:: Exercise description ::
From the line with "BOSH B430 F01U323795" through the line with "Sony Cyber Shot", repeat the entries verbatim, both end lines included, and add nothing.

:: Provided material ::
+-------+

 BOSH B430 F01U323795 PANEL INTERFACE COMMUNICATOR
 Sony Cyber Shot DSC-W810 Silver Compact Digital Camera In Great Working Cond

+-------+

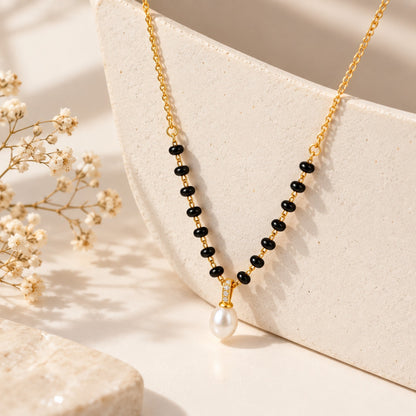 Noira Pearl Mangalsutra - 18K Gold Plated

+-------+

:: Response below ::
 BOSH B430 F01U323795 PANEL INTERFACE COMMUNICATOR
 Sony Cyber Shot DSC-W810 Silver Compact Digital Camera In Great Working Cond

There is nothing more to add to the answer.